Much of the trade union movement, as distinct from the Labor caucus, has already
moved to this position. In Melbourne last week ACTU vice-president Greg Sword
announced he was signing a memorandum of understanding with the West Papuan
movement. Significantly, Sword claimed the reason was "so that further
bloodshed is avoided". Sword is also ALP federal president but felt no need
to stick by ALP policy.
At this point the political leaders pulled the plug. Shadow foreign minister
Laurie Brereton fired off an immediate statement on West Papua and spoke to
Sword. Brereton's points were: that ALP policy accepts Indonesian sovereignty;
that West Papua is not a repeat of East Timor; that such actions won't lessen
tensions in West Papua and will only damage Australia's relations with
Indonesia; and that the ALP will pursue human rights abuses in West Papua.
Brereton, who forced a change of ALP policy on East Timor, comes to the Irian
Jaya issue with a credibility dividend since he has hardly been crawling to
Jakarta recently.
Two days later Downer warned of a bloodbath in West Papua if the outsiders
fermented the independence cause. Howard said: "We have always taken the
view that West Papua is an integral part of Indonesia and we won't be advocating
anything designed to undermine
the authority of Indonesia."
The problem facing Australian governments is that they know privately that
Indonesia might not be able to hold Irian Jaya because it provokes too strong a
backlash due to its military
brutality. Australian governments must be alive to the charge of the
independence campaigners that Australia can't make the mistake of recognising
Indonesian sovereignty beyond a point when it is no longer tenable. Any such
point, of course, is a long way off, if it is ever to be reached.
The battle lines over the West Papuan cause are being drawn in this country: the
churches, non-government organisations and unions are ready. The parallels with
East Timor are a source of hope for pro-independence activists.

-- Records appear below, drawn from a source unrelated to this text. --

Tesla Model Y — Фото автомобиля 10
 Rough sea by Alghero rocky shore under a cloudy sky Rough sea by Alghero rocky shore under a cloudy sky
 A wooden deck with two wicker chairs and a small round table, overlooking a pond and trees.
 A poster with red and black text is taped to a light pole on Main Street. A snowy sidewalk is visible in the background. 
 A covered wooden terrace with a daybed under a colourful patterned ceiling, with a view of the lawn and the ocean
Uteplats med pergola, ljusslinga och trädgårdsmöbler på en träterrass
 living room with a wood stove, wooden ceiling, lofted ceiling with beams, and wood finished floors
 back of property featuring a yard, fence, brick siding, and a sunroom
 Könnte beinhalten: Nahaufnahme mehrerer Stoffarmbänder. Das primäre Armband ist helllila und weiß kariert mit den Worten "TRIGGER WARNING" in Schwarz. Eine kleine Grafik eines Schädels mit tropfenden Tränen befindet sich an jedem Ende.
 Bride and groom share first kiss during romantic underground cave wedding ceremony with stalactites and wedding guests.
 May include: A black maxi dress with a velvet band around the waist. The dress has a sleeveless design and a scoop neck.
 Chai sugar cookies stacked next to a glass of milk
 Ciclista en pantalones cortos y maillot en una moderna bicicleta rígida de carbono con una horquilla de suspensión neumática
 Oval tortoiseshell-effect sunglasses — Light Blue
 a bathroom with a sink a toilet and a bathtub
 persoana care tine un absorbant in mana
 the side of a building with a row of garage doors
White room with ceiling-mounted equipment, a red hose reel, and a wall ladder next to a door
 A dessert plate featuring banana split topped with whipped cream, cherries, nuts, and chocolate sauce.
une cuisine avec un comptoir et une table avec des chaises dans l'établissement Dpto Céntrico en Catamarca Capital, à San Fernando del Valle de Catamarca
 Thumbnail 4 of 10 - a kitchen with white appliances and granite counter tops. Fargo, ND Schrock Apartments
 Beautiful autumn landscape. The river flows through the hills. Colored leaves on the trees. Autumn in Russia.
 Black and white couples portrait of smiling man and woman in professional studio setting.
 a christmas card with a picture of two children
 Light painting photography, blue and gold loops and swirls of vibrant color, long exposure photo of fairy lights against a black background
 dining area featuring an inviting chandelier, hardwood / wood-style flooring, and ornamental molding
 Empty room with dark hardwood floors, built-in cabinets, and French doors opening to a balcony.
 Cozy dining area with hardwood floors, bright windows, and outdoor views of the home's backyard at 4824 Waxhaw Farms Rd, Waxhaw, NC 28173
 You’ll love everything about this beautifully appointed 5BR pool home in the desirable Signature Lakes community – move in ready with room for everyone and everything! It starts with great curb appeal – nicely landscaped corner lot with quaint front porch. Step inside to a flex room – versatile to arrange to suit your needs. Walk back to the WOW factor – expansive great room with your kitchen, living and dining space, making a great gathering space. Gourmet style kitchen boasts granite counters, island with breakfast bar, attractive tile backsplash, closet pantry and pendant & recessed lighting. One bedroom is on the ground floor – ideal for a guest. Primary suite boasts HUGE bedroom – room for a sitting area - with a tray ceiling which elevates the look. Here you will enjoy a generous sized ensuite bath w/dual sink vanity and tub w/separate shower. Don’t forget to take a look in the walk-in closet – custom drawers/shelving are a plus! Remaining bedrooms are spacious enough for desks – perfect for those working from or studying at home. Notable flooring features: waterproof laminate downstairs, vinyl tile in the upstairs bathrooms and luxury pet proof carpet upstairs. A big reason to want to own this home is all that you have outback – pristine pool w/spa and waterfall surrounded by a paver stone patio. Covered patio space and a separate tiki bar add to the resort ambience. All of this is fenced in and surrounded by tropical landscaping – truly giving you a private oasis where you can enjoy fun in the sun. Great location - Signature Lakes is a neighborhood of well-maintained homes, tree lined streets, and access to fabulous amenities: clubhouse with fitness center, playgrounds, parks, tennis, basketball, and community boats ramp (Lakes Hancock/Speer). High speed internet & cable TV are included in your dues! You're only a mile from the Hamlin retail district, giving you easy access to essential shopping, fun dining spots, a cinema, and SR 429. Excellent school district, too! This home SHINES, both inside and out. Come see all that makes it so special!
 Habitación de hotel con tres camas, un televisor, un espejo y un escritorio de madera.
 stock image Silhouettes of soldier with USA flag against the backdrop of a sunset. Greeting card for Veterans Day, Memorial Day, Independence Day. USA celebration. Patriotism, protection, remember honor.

The moral case for West Papuan independence may be strong. But the strategic
case for caution is overwhelming. To support the dismantling of another country
or a process to achieve this dismantling would be an unfriendly act at best and,
more accurately, it would be seen as the action of an enemy.
Anybody who thinks this is not how Indonesia would think and react is a
super-optimist. Nationalism, along with democracy, is on the rise in that
country. The consequences of turning Jakarta into an enemy will be
unpredictable, but they are likely to be nasty for
Australians.
In this situation the issue won't be about restoring a workable relationship
between Canberra and Jakarta; it will be about trying to prevent a slide into a
hostile relationship. The Coalition and Labor face an exacting foreign policy
management issue in which they need to engage the public.